Entretanto, cabia à minha avó Aurora a parte religiosa da data. Lembro-me bem que meu pai, João Maria, ou o Paraguai, como era conhecido, só ia à missa uma vez por ano. Nunca faltou à missa de Páscoa. Embora tenha sido estudado por muito tempo em seminários e colégios católicos, ele nunca aceitou o fato das celebrações deixarem de ser no latim. Ele era muito conservador.
NA CASA DOS AVÓS MATERNOS
Todavia, em alguns anos, a Páscoa era na casa dos meus avós maternos. Vovô Victor e vovó Leonídia moravam no Mato Branco. Acho que era interior de Chopinzinho. Havia um armazém enorme do meu avô. Mangueiras com gado, cavalos e outros animais atraíam a mim e meus irmãos. Mas eram as cabras o meu sufoco.

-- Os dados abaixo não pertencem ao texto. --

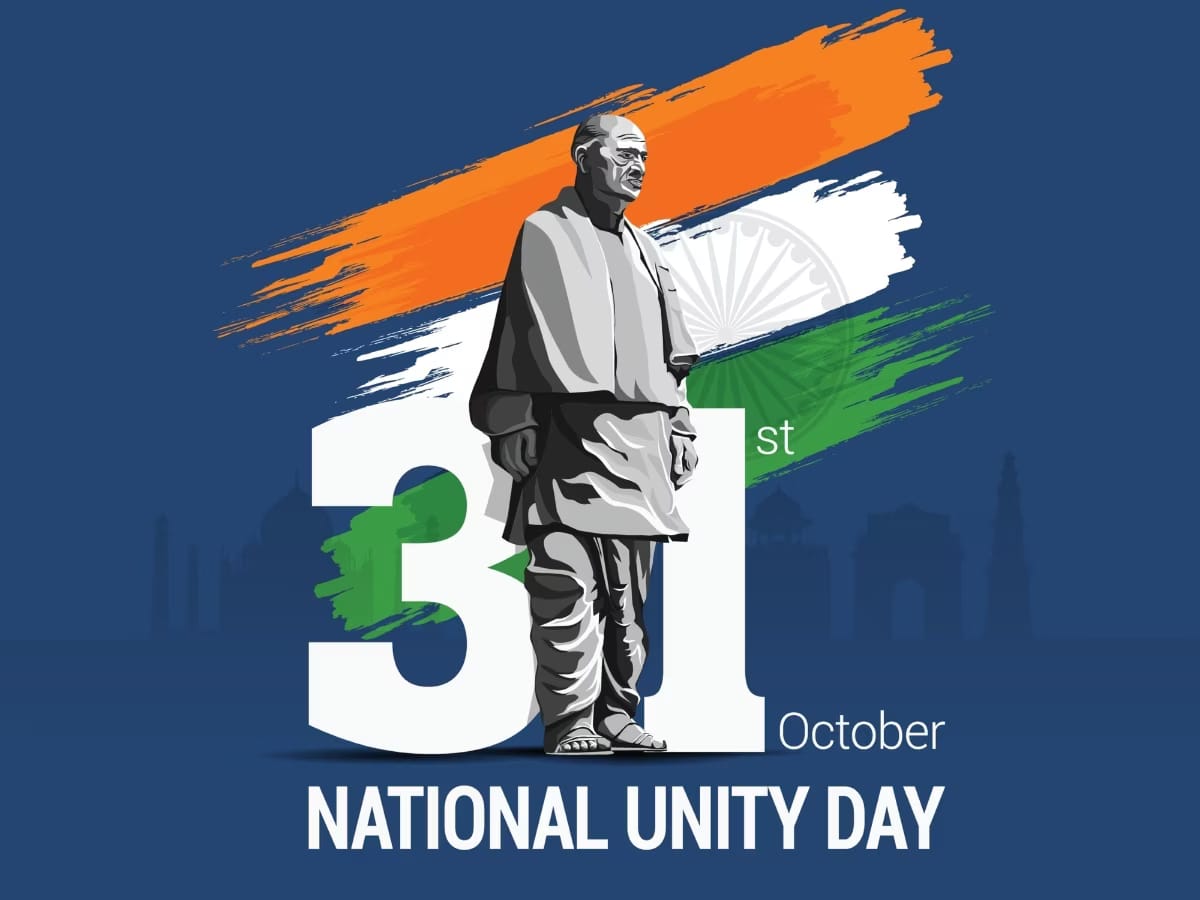 #RunforUnity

Vovó Leonídia era índia mestiça, bugre como diziam, muito brava. Entretanto, eram as minhas tias, as irmãs da minha mãe diziam que se não fôssemos obedientes, em vez de ovos, os ninhos estariam cheios de ‘bolinhos’ de cabra. E a vara de marmelo colhida na Sexta-Feira Santa para ‘tirar a aleluia’ de quem havia sido desobediente? Só de pensar naquela varinha fina estalando nas pernas já dava vontade de sair correndo.

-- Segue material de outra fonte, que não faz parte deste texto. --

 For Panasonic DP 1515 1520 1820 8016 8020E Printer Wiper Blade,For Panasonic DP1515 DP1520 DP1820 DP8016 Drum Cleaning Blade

Enfim, chegava o tão esperado domingo de Páscoa. E lá saíamos nós, ainda de pijama, correndo em busca dos ovos de chocolate. É claro que nunca nos deparamos com ‘bolinhas’ de cabras e nem com o tilintar das varinhas de marmelo.
O PASSAR DOS ANOS
O tempo passou e bem que tentei repassar isso aos meus filhos. Até alguns anos, consegui, junto com o Orlando, preparar os ninhos com o Diego, a Luana e por um ano com o Juan. Depois, os ninhos prontos, sofisticados perto daqueles da minha infância, tomaram conta das prateleiras. O renascer pregado pelo cristianismo também divide espaço com outras crenças, algumas delas, pagãs. Mas, enfim….
Hoje, agora com o meus netos, as patinhas pintadas no chão, os ninhos, a magia da imaginação já não existem mais. Já não há mais cartolinas, nem papéis picados e coloridos. Toda essa fantasia ficou apenas na lembrança. Que pena!